Ook uw landschap, taal, muziek (Jacques Brel) zijn mij dierbaar. Ik fiets graag door het Vlaanderenland, drink zo nu en dan een Belgisch Kloosterbiertje. Het spreken van het Vlaamsch hoor ik graag. Als ik in Antwerpen of Gent ben, vraag ik zo nu en dan de weg om de Vlaamsche klanken te horen. Ik ben niet taalkundig onderlegd, neen helemaal niet, maar mijn hele leven kan ik van zinnen, klanken en taal genieten. In de bus of trein let ik altijd op mooie dialogen, want daar ben ik niet goed in, maar veelal vergeet ik ze weer voor ik op kan schrijven. Gisteren ben of heb ik met de buurvrouw naar zee gelopen, eerst nog in de regen, maar al snel brak het licht door.
-Dat is het, dat licht daar- En het licht hier is onontbeerlijk. De buurvrouw, ik noem haar Anne, heeft een harde stem en als we praten deins ik altijd enigszins van haar af. Ze heeft ook een gestolde lach. Zo’n lach waar eigenlijk van alles achter zit. Of niet. Alles is natuurlijk interpretatie. Ik denk op een donkere dag, dat ik ook wel eens hard lach om maar niet te voluit te gewaar te zijn van wat er is, of wat er niet is. Anne sprak opgewekt over haar recentelijke reis. Ze heeft het fotoboek al klaar. Ik vind het prettig met haar te wandelen, maar het gesprek is beperkt. Vroeger legde ze nog wel eens ‘werkdilemma’s’ aan mij voor, maar ze heeft een modus vivendie gevonden om de laatste twee jaar goed af te ronden door minder uur te werken en andere zaken.
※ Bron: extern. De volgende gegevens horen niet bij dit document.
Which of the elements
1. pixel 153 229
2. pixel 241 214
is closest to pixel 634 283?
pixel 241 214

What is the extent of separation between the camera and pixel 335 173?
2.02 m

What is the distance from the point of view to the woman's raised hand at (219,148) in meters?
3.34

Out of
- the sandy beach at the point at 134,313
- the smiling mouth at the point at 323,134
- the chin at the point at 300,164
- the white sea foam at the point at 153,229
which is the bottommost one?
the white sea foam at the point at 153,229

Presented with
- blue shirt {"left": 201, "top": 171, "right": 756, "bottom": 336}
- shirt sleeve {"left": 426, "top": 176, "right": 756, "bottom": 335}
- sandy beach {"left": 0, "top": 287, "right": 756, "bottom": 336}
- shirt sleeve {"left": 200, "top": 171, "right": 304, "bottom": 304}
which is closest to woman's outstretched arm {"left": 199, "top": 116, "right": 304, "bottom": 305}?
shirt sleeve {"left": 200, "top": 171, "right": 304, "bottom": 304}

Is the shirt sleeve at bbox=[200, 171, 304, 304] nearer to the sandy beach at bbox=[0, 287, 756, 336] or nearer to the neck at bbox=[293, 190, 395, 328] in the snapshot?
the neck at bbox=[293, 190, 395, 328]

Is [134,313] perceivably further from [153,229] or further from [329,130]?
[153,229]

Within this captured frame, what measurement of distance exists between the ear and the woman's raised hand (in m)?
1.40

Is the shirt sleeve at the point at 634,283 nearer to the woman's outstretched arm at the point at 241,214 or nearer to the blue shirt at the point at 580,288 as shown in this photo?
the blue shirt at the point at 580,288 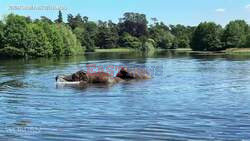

Terug naar ‘Daar’ : Die mens, die land, die See, die lug, die berg, ieder jaar wordt mijn ‘liefde’ voor Zuidelijk Afrika dieper, veelzijdiger en verfijnder. Met plezier kijk ik naar de stapel outdoor tijdschriften die liggen te wachten tot ik er aan toe ben. Een Belgische vriend vroeg onlangs of ik wel eens overweeg om me er te vestigen. Nee, dat niet, niet alleen omdat ik aan NL gebonden door een broer die verpleegd wordt in een verpleegtehuis, en die ik wekelijks bezoek. Maar ook omdat ik het voorjaar en zomer in NL zo heerlijk vind. Dit is mijn plek om te blijven, ZA is een plek om jaarlijks te bezoeken en weer te verlaten. Altijd met melancholie, dat wel.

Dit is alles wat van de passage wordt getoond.